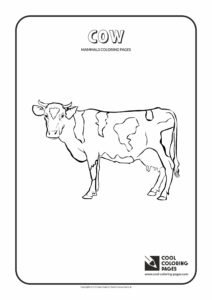 Cool Coloring Pages Cow coloring page - Cool Coloring Pages | Free ...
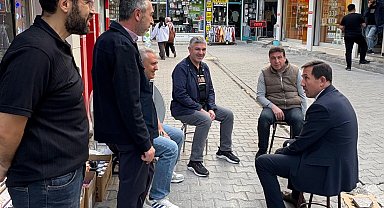 Konya Karatay'da esnafla buluşma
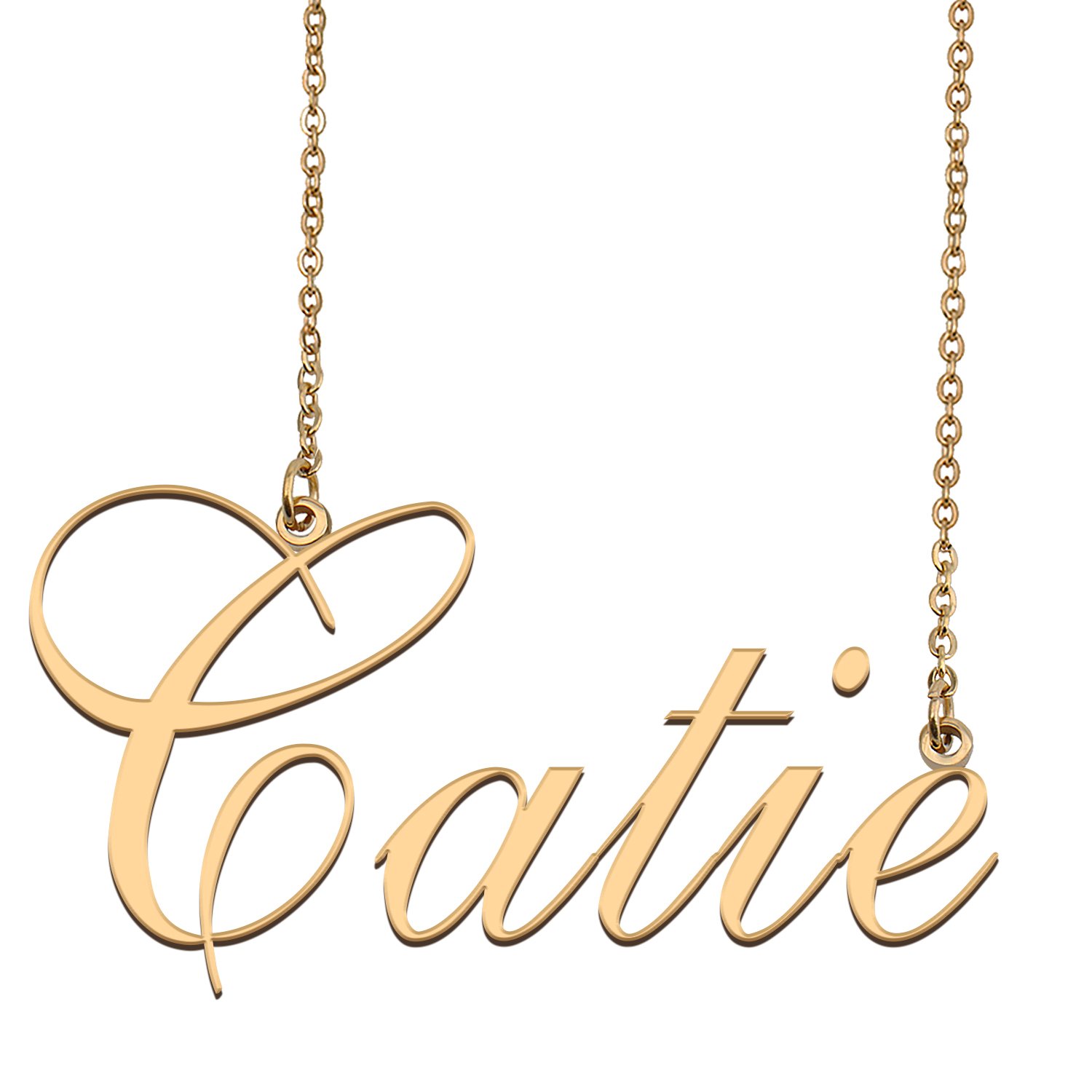 Custom Made Dainty My Name Necklace Best Friendship Jewelry Gifts for Her Catie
● ● ● ●
▶ Work required
The answer must be the full listing above, copied exactly, with no pictures in it.

▶ Answer section
 Cool Coloring Pages Cow coloring page - Cool Coloring Pages | Free ...
 Konya Karatay'da esnafla buluşma
 Custom Made Dainty My Name Necklace Best Friendship Jewelry Gifts for Her Catie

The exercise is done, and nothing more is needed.